Não acho que os jovens hoje sejam tão diferentes como julga nossa vã pedagogia. O "conceito" de nativo-digital me soa tão vazio quanto o de nativo-celular ou nativo-preservativo. Saber navegar na internet nada tem a ver com conhecimento significativo. Essa "ciência do digital", em pedagogia, é muito mais marketing de quem vende essas tecnologias do que um dado da realidade.
Sem dúvida, a digitalização do cotidiano gera um hábito tecnológico, mas e daí? O aluno lida com isso todo dia. Se você mora longe da escola, talvez seja importante o ensino a distância (o foco é apenas a acessibilidade em si), mas o essencial ainda é a relação professor-aluno naquilo que ela tem de mais ancestral: a experiência (mais) formada em contato com a experiência em formação.

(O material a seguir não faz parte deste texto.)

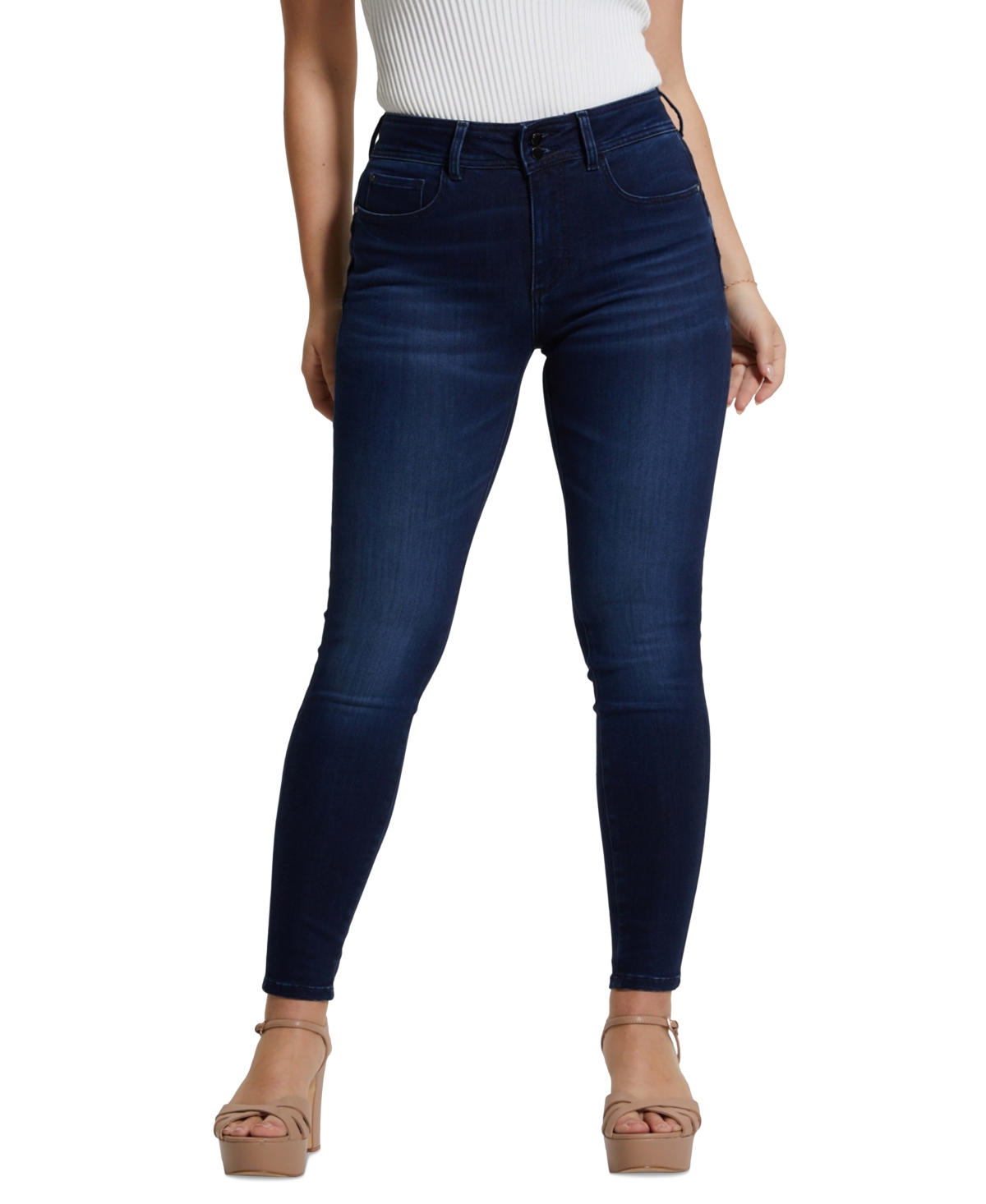 Guess Women's Shape-up High-rise Skinny Jeans In Warm Ocean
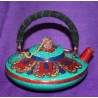 Copper Teapot with Semiprecious stones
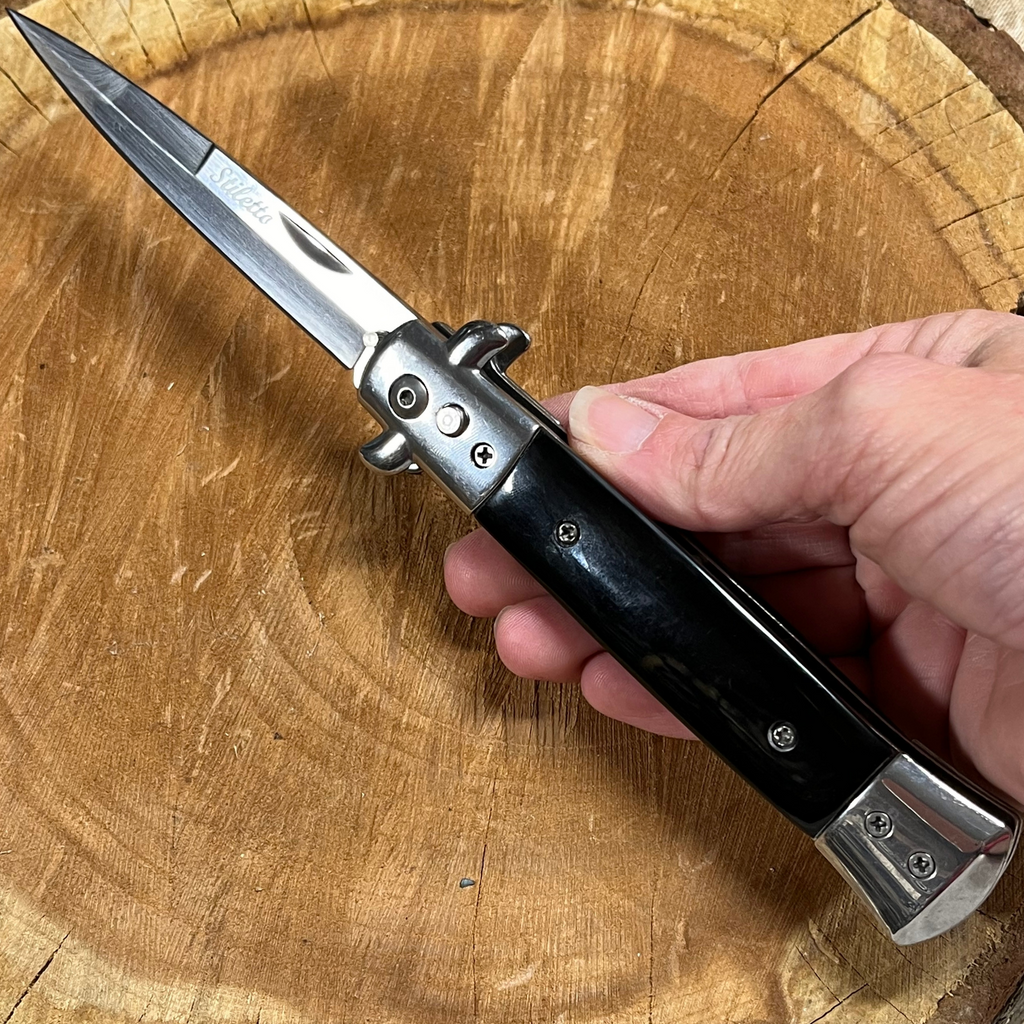 Black Switchblade , push button knife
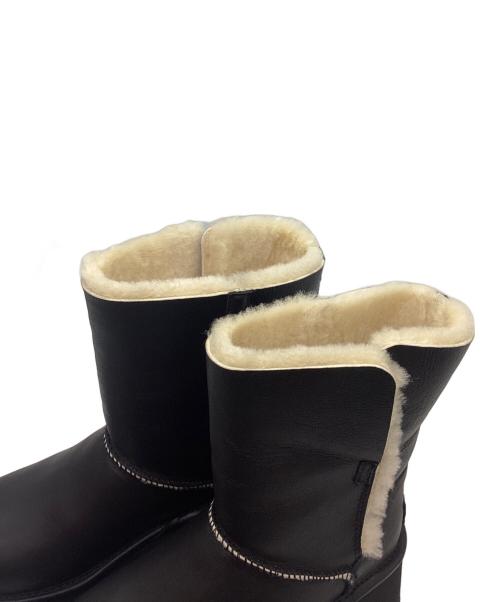 UGG（アグ）UGG (アグ) FRAY ID (フレイ アイディー) W ESMEE LEATHER BOOT ブラック サイズ:23cmの古着・服飾アイテム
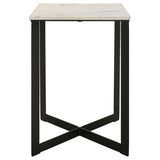 Tobin White and Black 3-Piece Marble Top Coffee and End Table Set by Coaster at Eve Furniture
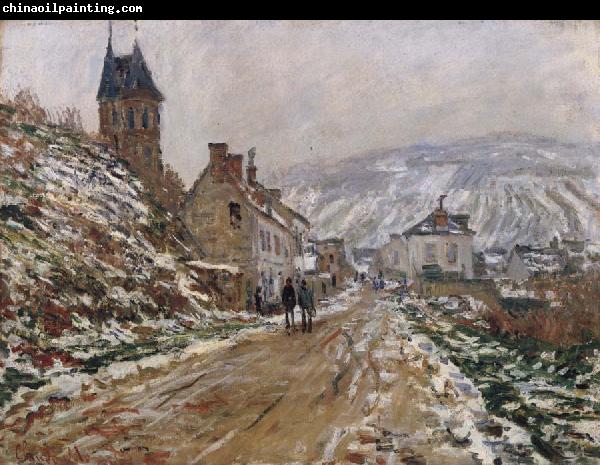 Claude Monet The Road in Vetheuil in Winter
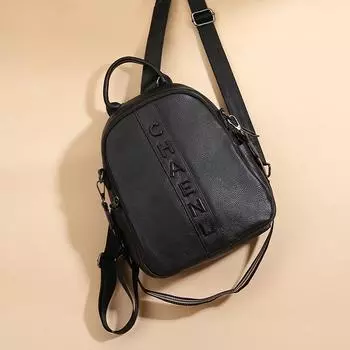 Натуральная кожа рюкзак женский легкий сумка для отдыха дорожный рюкзак многофункциональный большой емкости студенческий рюкзак чёрный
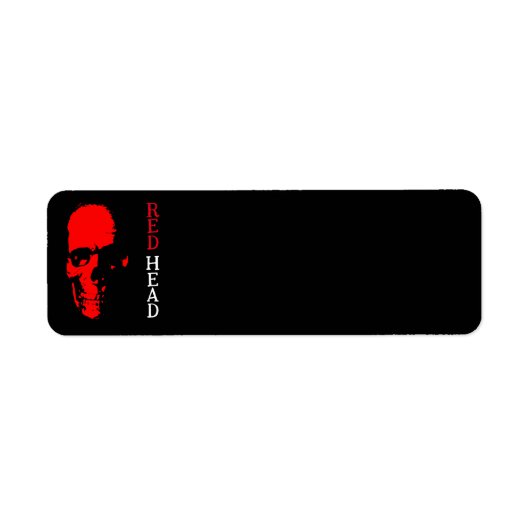 Retouradreslabel met rode kop etiket (Voorkant)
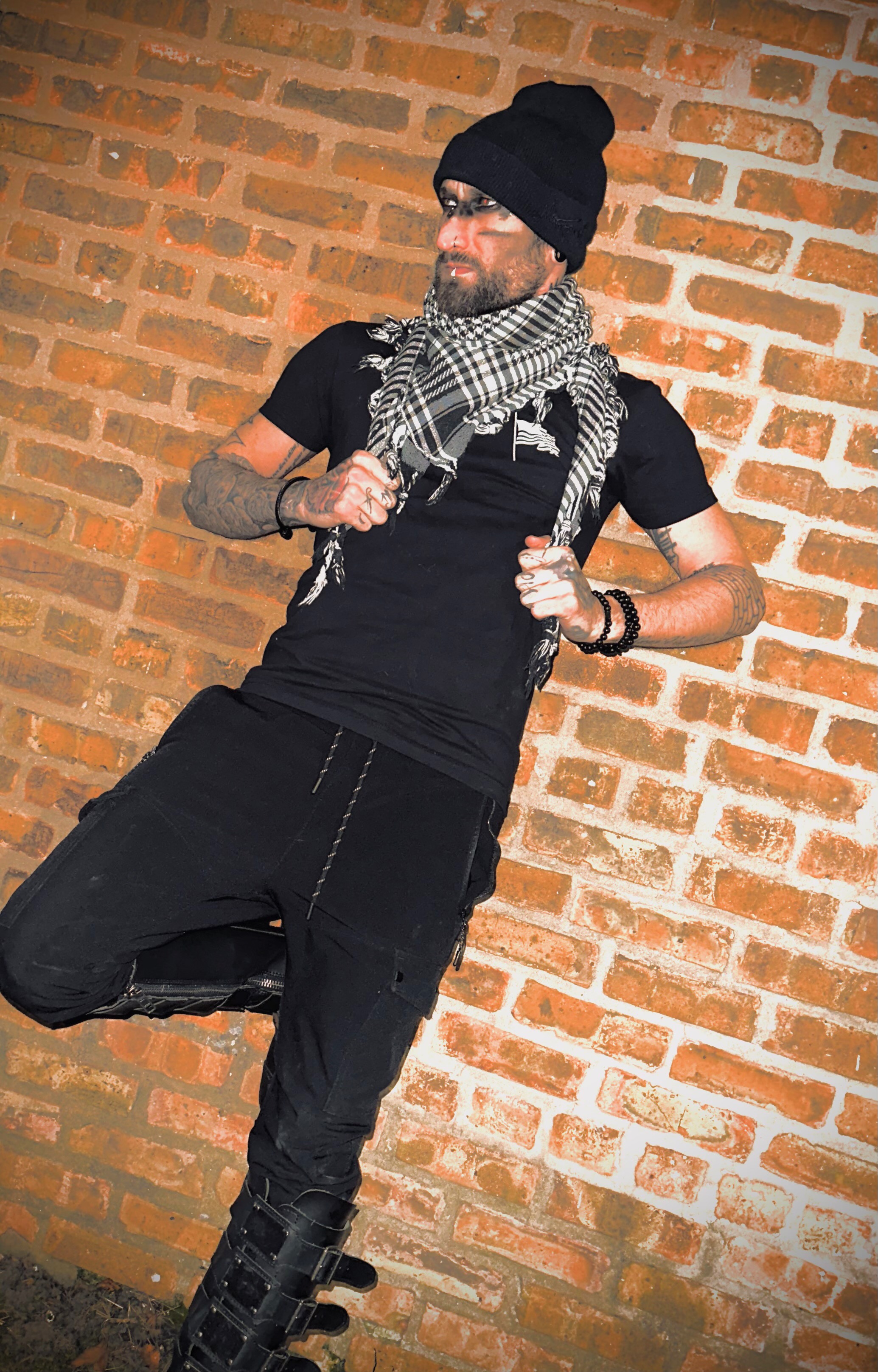 Campaign photo — Target On Your Back tee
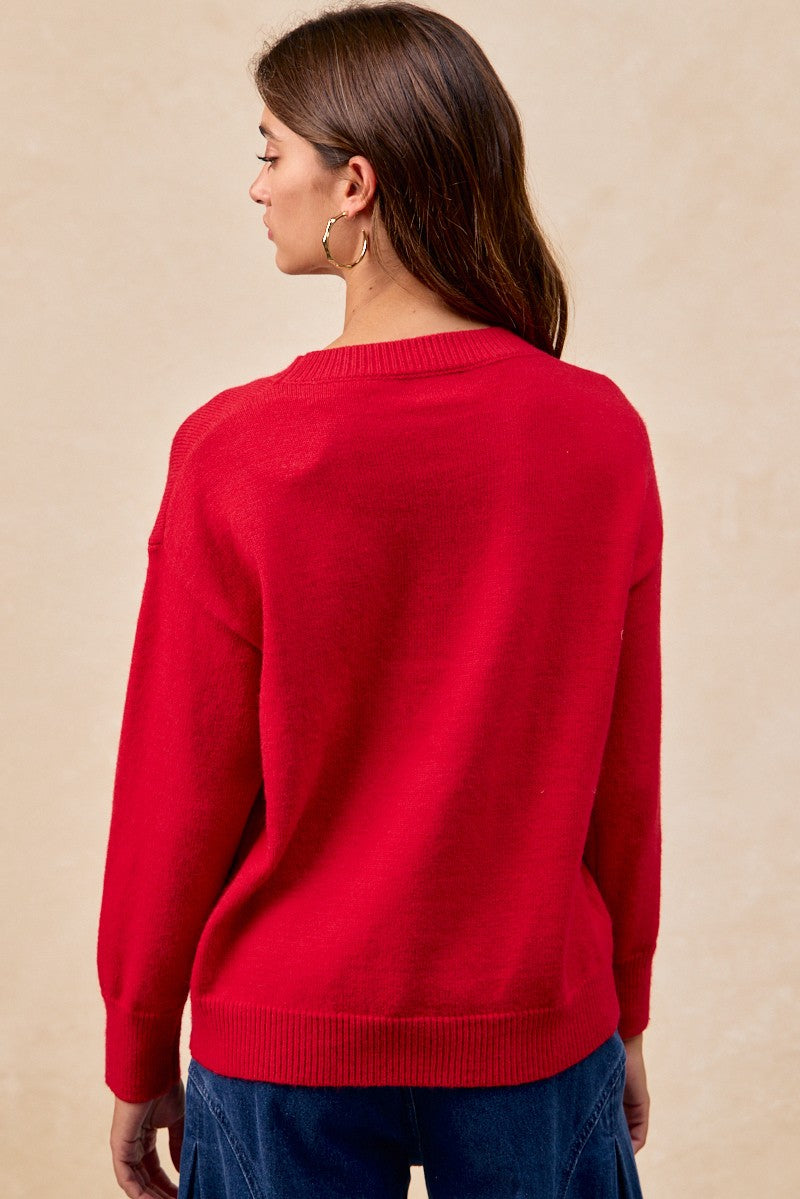 Reindeer Games Plaid Sweater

É uma ilusão achar que a pressão do mercado das tecnologias da educação não debilitará esta delicada experiência vivida entre seres humanos. O lucro sempre vence ao longo do tempo porque ele é uma lei natural no capitalismo. Não ver isso é má fé ou simples má formação. Ou equívoco. Estamos no mundo do que melhor responde ao princípio da mercadoria ou não?
Educar implica olhar para nossos eternos impasses: angústia moral, pânico cósmico, incerteza diante das decisões na vida, infidelidade nos afetos, crueldade, mentira, generosidade gratuita, mentira do progresso, desencontro entre nossa juventude e nossa maturidade. Enfim, a experiência humana para além das batedeiras de bolo, cartões de crédito, votos e internet.
Mediocridade pode dar lucro. Tecnologia é coisa banal, não forma ninguém. A democracia moderna pode se alimentar da mediocridade. Este risco é nossa grande sombra.